Opinião
“Alegra-te com as pessoas”
O Duarte não tem medo das palavras nem de me confessar que se tem sentido sozinho
Não vivas sobre a terra como um estranho
Um turista no meio da natureza.
Habita o mundo como a casa do teu pai.
Crê na semente, na terra, no mar.
Mas acima de tudo crê nas pessoas.
Ama as nuvens,
as máquinas,
os livros,
mas acima de tudo ama o homem.
Sente a tristeza do ramo que murcha,
do astro que se extingue,
do animal ferido que agoniza,
mas acima de tudo
sente a tristeza e a dor das pessoas.
Alegra-te com todos os bens da terra,
com a sombra e a luz,
com as quatro estações.
Mas acima de tudo e a mãos cheias,
alegra-te com as pessoas.
Nâzim Hikmet, poeta turco
Abordou-me há uma semana à porta do trabalho. Resolvera dirigir-se pessoalmente à editora. Tenta cada vez mais evitar comunicações mediadas. Ronda os 20 anos e tem um olhar vivo e interrogativo. Recebo-o na sala de entrada depois de um dia automático a dar respostas a uma parafernália de mensagens sem ouvir uma única voz. Muito texto nenhum som.
O Duarte (nome fictício) não tem medo das palavras nem de me confessar que se tem sentido sozinho. A promessa das grandes amizades que ditara a opção de vir estudar Física para Lisboa, não passara disso mesmo. E chegou a reconsiderar a opção académica após o primeiro ano do curso.
Há uns meses, porém, fez dois amigos que, tal como ele, estranham a falta de rostos, de vozes e de presença física. Uma relação de amizade construída em torno de conversas sobre livros, os mesmos que lhes retiraram o peso da solidão dos primeiros meses em Lisboa.

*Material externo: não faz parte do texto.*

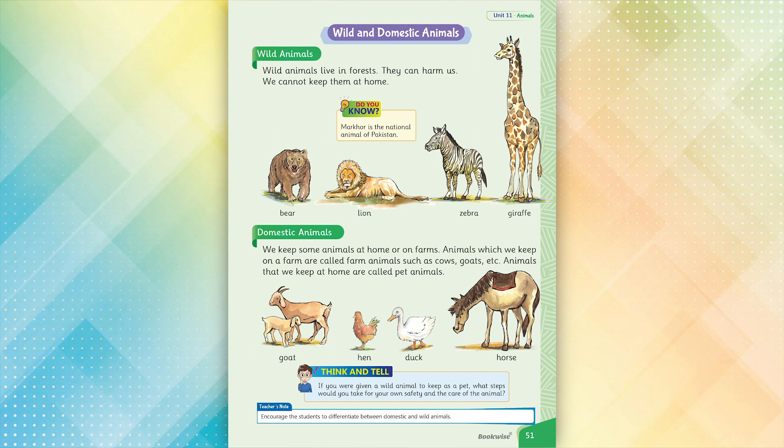Wild animals live in forests. They can harm us. We cannot keep them at home.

Dessa alegria que partilham pelo prazer da descoberta e pelo espanto com a novidade, nasceu o desejo de criarem um pequeno clube de leitura, capaz de trazer outros à discussão de ideias que anima os debates do trio original. Assumiram isso como uma batalha, não tem sido fácil resgatar aos ecrãs outros membros para o clube.
O pedido que trazia era por isso muito directo - a cedência de livros que abordassem a ligação entre ciências exactas e humanidades, outros que aprofundassem o momento sociopolítico complexo que atravessamos, bons romances, livros escritos por génios como o físico Richard Feynman; e ainda ideias para temas de ciclos de conversas e contactos de autores que pudessem participar nas sessões.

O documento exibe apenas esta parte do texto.